- Mississippi judge takes a dim view of proceedings after it became clear that lawyers for both sides were using AI to make their arguments
- The sanctions order included fines, expungement and disqualification from the case in question for the lawyers involved.
- AI advice remains a somewhat tricky affair, given the lack of accountability and the model’s tendency to “hallucinate”
In what can be seen as a comical development that could be a sign of things to come, a US federal judge had to manually intervene and reprimand lawyers on both sides of the aisle after noticing they were using AI.
U.S. District Judge Sharion Aycock of the Northern District of Mississippi noted that this was not the first time her court had to address the issue of “the burden of addressing AI hallucinations in court records.”

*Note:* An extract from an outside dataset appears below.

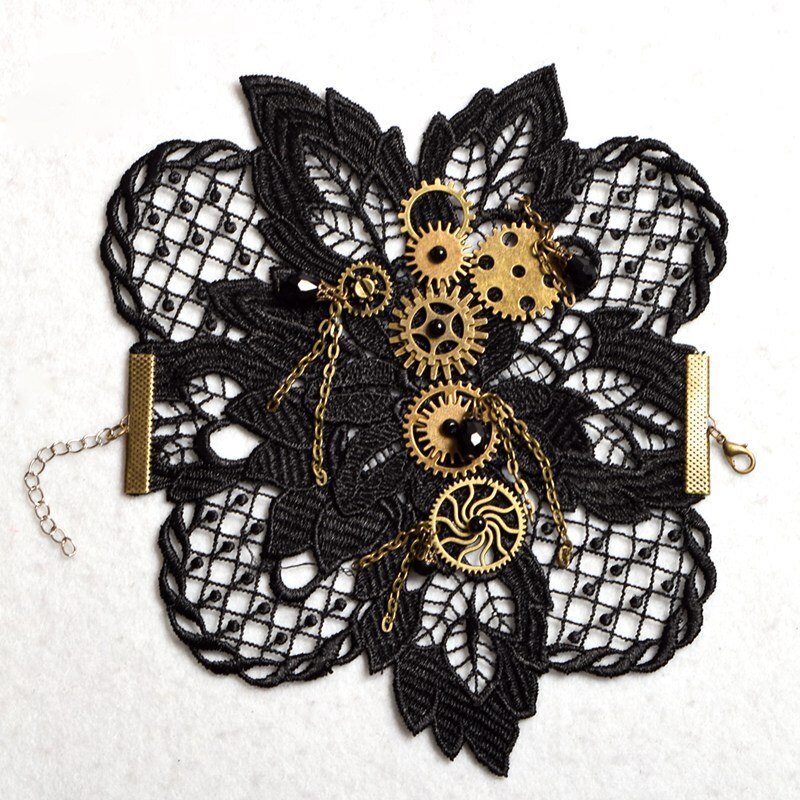 Gants Vintage Steampunk, équipement de poignet, rétro noir, Bracelet victorien, accessoires de Costume, brassard simple en dentelle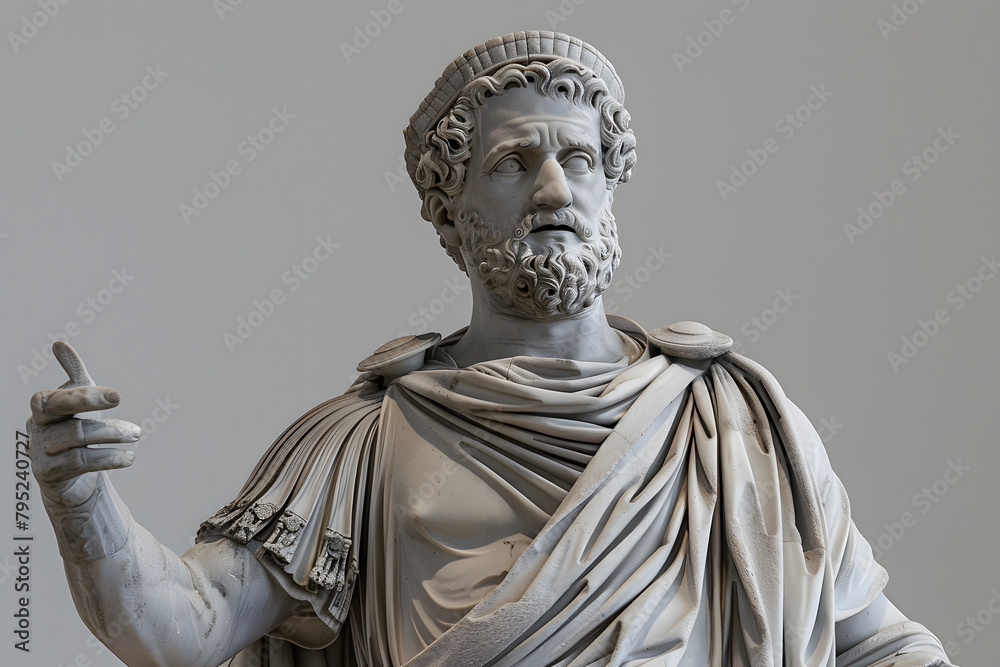 Obraz premium A sculpture of a Roman senator in oration, authoritative and expressive, set against a governance grey pastel background, representing leadership and rhetoric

The judge ordered a pause in the proceedings, throwing out the trial, while disqualifying the four attorneys involved in the current case and barring two of them from appearing in any capacity in the Northern District of Mississippi for two years.
An “insufficient and incredulous” justification
Although the case may have been a routine matter in the judge’s docket, dealing with a breach of contract claim over unpaid legal fees between the city of Aberdeen and a Louisiana attorney, Tom Withers III, some of the precedents cited in the argument never occurred, inviting scrutiny from the judge and possibly
His lawyer, Kathleen M. Wilson, used AI quotes to argue his position, a situation that was discovered when a court order required both sides to produce copies of the cases they had cited.
The city of Aberdeen, represented by Kathryn Y. Williams, was also found guilty of a similar infraction: citing a nonexistent 1971 Mississippi Supreme Court decision and references to three other federal decisions that could not be reproduced.
Both lawyers admitted to using AI while claiming ignorance of the potential of the LLMs they employed, sometimes hallucinating. The judge took a dim view of the entire case, however, noting that one of the attorneys had been practicing using generative AI to draft his briefs without supervision for at least six months, and that they had already been warned against the practice in an unrelated case.
The judge noted that she “finds this explanation insufficient and incredulous” and fined the four lawyers a total of $8,000, singling out the two lawyers who used AI.
The case, however, marks an important ruling that could, ironically, serve as real precedent against AI-generated hallucinations that have gotten lawyers into trouble: Ignorance of AI hallucinations is not a viable legal defense.